Los años fueron pasando para todos, también para nuestro párroco, su voz se fue haciendo más débil y alguien creyó que debía jubilarse, costó convencerlo y no creo que lo consiguieran, siguió celebrando la misa en su casa ¡Cómo me hubiera gustado asistir! Dicen que nadie es insustituible, pero no es verdad. Lo siento por los que vienen cargados de buenas intenciones, pero es imposible ocupar su lugar. Yo les deseo lo mejor, los mayores éxitos, que sean muy queridos y ocupen su propio espacio, sin comparar. Porque a don Constantino no se le puede sustituir. No necesitaba grandes discursos, su sencilla homilía, su limpia presencia, su cómplice mirada al coro, su tímida pureza, nos bastaba. Salíamos de la misa plenos de alegría y del espíritu de Dios que de su ser emanaba.

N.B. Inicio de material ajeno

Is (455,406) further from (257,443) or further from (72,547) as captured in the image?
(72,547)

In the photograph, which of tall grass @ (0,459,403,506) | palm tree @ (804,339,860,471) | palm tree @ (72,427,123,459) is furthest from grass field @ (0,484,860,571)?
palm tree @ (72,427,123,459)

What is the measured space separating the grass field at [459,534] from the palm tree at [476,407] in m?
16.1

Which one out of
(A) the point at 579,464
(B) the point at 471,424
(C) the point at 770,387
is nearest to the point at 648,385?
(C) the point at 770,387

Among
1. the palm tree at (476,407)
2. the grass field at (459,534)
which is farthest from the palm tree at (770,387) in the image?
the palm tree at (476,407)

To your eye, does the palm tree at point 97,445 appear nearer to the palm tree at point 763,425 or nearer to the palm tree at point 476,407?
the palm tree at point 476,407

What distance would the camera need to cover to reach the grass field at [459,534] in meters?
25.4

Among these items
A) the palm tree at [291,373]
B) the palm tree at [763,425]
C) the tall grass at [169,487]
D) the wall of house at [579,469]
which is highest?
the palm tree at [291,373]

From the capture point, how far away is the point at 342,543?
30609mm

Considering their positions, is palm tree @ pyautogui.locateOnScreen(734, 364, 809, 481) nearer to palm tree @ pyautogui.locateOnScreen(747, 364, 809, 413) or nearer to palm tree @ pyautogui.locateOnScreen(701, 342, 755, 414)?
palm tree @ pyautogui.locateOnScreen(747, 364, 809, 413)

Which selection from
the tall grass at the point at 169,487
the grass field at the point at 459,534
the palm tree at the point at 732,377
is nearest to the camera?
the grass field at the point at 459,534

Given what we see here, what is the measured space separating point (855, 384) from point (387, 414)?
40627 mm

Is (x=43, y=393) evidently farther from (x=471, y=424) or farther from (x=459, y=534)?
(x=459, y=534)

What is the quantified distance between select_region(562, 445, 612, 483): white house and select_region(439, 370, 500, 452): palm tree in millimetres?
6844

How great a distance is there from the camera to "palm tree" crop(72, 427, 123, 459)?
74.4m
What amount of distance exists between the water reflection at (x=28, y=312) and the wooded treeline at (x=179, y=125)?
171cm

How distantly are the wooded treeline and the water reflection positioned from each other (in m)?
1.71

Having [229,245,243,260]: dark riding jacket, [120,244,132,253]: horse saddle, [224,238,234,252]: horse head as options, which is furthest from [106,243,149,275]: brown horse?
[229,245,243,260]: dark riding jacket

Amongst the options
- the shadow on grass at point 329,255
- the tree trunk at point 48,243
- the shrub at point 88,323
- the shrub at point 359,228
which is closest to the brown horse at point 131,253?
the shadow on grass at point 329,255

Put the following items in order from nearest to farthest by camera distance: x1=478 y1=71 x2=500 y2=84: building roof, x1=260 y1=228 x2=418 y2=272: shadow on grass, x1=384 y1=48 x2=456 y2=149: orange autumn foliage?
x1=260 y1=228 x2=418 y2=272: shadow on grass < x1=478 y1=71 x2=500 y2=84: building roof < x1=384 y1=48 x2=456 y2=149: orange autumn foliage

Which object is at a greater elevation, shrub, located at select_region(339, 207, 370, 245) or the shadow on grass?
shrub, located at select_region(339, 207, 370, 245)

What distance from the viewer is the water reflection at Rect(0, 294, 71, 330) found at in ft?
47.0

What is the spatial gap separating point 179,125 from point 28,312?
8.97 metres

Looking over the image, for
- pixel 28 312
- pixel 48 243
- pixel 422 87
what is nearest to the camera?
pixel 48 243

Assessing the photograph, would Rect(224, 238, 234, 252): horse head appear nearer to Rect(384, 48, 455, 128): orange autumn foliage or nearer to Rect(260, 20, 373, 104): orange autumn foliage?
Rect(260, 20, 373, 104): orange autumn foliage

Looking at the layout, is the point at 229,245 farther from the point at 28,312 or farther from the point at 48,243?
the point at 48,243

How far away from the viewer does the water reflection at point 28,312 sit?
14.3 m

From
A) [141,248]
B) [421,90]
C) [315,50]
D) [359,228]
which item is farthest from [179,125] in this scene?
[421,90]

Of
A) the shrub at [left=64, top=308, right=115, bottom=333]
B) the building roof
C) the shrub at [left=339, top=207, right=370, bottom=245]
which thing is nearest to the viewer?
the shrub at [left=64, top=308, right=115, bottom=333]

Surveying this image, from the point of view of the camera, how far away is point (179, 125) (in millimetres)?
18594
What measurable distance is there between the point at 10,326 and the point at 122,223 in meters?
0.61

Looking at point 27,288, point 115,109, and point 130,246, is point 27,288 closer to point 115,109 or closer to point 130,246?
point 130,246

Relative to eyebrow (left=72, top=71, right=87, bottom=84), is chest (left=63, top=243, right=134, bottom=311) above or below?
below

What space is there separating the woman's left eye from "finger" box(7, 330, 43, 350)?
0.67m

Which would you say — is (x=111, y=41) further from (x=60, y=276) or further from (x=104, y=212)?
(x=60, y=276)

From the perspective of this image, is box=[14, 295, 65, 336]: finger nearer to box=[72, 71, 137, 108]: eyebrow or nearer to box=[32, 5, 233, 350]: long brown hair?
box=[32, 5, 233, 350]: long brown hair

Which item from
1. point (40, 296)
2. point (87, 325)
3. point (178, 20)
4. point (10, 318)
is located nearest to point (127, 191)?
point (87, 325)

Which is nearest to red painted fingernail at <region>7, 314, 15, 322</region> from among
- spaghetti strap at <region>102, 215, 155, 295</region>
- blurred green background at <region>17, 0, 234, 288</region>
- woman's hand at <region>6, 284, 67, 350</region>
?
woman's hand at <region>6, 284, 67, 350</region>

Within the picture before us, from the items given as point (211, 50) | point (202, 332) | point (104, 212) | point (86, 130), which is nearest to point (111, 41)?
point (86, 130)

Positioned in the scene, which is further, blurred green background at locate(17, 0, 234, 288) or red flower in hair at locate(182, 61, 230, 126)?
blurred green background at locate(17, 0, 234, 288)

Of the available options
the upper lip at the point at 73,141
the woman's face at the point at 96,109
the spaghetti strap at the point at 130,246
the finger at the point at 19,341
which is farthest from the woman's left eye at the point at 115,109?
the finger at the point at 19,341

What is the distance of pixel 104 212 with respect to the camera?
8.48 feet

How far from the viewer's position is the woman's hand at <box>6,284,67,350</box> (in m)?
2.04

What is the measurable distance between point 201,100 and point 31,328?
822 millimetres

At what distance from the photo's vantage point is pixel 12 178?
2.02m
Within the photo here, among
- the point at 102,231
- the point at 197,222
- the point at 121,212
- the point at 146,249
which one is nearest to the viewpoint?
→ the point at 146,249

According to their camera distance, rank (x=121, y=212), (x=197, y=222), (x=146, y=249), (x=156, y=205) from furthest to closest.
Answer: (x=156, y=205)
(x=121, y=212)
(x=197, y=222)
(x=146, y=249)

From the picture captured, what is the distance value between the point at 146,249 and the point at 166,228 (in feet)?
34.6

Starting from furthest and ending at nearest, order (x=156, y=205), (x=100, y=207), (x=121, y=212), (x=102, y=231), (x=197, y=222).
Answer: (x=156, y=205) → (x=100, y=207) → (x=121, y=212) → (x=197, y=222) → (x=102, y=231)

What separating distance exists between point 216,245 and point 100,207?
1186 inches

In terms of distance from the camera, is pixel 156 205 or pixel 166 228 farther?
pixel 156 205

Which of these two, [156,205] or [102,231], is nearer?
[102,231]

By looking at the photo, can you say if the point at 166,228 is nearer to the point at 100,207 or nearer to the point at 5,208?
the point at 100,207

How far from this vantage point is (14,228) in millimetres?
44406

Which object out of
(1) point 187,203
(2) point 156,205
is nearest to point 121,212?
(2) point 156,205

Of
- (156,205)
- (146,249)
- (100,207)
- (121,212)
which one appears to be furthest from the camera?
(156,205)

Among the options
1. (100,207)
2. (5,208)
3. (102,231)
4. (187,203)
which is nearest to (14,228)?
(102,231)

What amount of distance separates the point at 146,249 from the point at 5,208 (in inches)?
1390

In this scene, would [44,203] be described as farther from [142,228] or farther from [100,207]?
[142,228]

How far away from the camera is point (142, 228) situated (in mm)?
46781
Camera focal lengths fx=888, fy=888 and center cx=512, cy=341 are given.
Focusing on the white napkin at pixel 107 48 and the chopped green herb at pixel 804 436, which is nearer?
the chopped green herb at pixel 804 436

En el trayecto hacia la canonización se siguen cuatro pasos: siervo de Dios, venerable, beato y santo. Para los dos últimos hay que probar sendos milagros. Para el primero debe demostrarse que su vida fue ejemplar y virtuosa; para el segundo, que sus virtudes fueron heroicas. Benedicto XIV define al cristiano con virtudes heroicas como aquel que desempeña las acciones virtuosas con extraordinaria prontitud, facilidad y placer, con motivos sobrenaturales y sin razonamientos humanos, con auto-abnegación y pleno control de las inclinaciones naturales.
Difícil entender tanta abstracción, difícil medir virtudes y milagros, se necesitan expertos. Vamos a lo más terrenal: abrir una causa de beatificación, 50.000 euros; pagar a expertos, médicos, teólogos y obispos que evalúan cada caso, 15.000. Se calcula que el coste medio de todo el proceso está en torno a los 500.000 euros ("La Voz de Galicia", 7 de noviembre de 2015). Sobran las palabras. Juntar ese dinero podría constituir el segundo milagro. Pero estamos seguros de que usted no lo permitiría.

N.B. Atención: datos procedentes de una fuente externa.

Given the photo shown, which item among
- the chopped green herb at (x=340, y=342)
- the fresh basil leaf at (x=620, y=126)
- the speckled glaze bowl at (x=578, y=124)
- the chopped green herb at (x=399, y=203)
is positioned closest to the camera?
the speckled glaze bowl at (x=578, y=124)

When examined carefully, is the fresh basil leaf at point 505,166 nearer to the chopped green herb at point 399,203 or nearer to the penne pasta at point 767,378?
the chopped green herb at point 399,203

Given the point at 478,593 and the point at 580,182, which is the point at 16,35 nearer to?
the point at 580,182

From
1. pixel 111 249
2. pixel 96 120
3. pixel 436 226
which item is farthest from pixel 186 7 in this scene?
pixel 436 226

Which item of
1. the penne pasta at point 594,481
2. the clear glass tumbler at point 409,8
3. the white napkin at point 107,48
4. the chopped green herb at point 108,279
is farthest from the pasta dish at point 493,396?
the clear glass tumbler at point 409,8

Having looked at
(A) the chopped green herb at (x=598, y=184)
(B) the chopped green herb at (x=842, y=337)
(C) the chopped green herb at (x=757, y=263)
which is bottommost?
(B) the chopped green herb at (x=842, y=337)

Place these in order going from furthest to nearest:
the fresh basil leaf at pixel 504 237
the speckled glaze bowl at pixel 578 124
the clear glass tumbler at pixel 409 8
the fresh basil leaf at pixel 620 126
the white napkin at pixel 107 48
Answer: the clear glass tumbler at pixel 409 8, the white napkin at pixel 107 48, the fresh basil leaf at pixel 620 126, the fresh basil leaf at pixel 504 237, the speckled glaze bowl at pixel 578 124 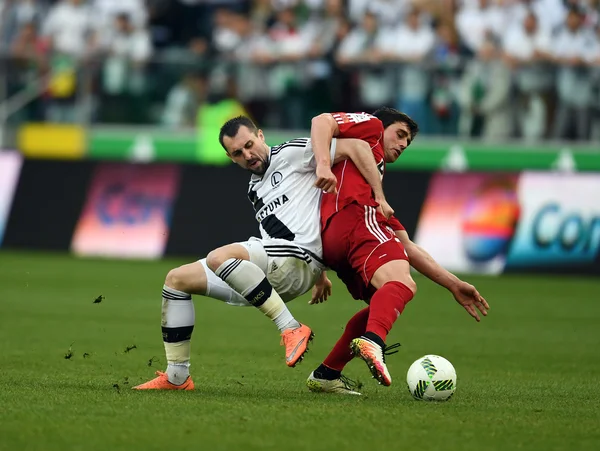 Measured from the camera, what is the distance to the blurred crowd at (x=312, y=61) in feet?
67.3

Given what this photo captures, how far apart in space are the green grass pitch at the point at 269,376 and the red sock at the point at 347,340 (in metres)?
0.30

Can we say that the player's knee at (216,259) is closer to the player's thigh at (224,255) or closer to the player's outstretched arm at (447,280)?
the player's thigh at (224,255)

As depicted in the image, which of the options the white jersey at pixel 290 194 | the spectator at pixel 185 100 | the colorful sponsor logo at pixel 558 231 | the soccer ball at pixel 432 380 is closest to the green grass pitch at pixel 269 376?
the soccer ball at pixel 432 380

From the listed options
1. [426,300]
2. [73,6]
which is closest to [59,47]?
[73,6]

Fe, esperanza, caridad, prudencia, fortaleza, justicia, templanza, castidad, paciencia, generosidad, diligencia… son virtudes de las que podría presumir sobradamente si no fuera por otra que disimulaba todas ellas: la humildad.
Así que, don Constantino, mejor vamos a prescindir de la vanidad de intentar colocarle en el catálogo de santos y, en lugar de rendirle culto, le recordaremos siempre con eterna gratitud y, esos días señalados de especial celebración, procuraremos hacerlo en su amada iglesia, como a Vd. le gustaría.
Gracias por darnos tanto sin pedir nada.